--- START ---
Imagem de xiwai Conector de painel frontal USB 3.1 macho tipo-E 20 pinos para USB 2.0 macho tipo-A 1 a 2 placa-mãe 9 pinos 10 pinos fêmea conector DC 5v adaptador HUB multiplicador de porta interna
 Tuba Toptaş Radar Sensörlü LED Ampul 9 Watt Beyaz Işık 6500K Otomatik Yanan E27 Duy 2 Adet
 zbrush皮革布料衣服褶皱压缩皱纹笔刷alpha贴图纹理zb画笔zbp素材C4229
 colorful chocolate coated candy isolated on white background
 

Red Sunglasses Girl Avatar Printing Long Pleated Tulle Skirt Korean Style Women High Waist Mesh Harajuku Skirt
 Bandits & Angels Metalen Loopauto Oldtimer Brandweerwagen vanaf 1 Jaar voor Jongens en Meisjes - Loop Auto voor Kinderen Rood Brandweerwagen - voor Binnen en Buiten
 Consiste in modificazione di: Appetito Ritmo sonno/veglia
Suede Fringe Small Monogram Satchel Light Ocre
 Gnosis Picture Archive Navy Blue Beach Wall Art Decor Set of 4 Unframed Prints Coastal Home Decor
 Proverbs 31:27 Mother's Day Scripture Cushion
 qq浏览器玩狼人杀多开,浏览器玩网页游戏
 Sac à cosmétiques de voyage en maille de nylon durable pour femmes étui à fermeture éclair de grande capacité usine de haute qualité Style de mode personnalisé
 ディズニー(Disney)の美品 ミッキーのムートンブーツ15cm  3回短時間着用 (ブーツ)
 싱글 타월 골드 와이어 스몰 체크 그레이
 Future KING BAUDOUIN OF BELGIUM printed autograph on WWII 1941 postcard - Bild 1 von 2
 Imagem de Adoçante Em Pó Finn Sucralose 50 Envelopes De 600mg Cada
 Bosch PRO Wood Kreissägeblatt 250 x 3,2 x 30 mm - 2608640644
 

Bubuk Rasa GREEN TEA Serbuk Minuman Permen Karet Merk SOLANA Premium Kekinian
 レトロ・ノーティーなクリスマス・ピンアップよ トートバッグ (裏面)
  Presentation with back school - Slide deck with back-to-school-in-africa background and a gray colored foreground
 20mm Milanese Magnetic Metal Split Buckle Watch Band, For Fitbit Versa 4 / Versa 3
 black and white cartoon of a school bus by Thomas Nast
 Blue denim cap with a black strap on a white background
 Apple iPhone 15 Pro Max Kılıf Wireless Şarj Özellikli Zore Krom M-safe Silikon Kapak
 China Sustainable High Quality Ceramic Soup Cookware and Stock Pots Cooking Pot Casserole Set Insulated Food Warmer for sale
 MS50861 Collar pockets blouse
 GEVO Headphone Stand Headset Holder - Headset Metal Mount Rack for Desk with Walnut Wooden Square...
--- END ---
* _Your instructions_
There is a run of lines above from the one with "Proverbs 31:27 Mother's" to the one with "MS50861 Collar pockets blouse"; print exactly that run, both ends included, and nothing else.

* _Task answer_
 Proverbs 31:27 Mother's Day Scripture Cushion
 qq浏览器玩狼人杀多开,浏览器玩网页游戏
 Sac à cosmétiques de voyage en maille de nylon durable pour femmes étui à fermeture éclair de grande capacité usine de haute qualité Style de mode personnalisé
 ディズニー(Disney)の美品 ミッキーのムートンブーツ15cm  3回短時間着用 (ブーツ)
 싱글 타월 골드 와이어 스몰 체크 그레이
 Future KING BAUDOUIN OF BELGIUM printed autograph on WWII 1941 postcard - Bild 1 von 2
 Imagem de Adoçante Em Pó Finn Sucralose 50 Envelopes De 600mg Cada
 Bosch PRO Wood Kreissägeblatt 250 x 3,2 x 30 mm - 2608640644
 

Bubuk Rasa GREEN TEA Serbuk Minuman Permen Karet Merk SOLANA Premium Kekinian
 レトロ・ノーティーなクリスマス・ピンアップよ トートバッグ (裏面)
  Presentation with back school - Slide deck with back-to-school-in-africa background and a gray colored foreground
 20mm Milanese Magnetic Metal Split Buckle Watch Band, For Fitbit Versa 4 / Versa 3
 black and white cartoon of a school bus by Thomas Nast
 Blue denim cap with a black strap on a white background
 Apple iPhone 15 Pro Max Kılıf Wireless Şarj Özellikli Zore Krom M-safe Silikon Kapak
 China Sustainable High Quality Ceramic Soup Cookware and Stock Pots Cooking Pot Casserole Set Insulated Food Warmer for sale
 MS50861 Collar pockets blouse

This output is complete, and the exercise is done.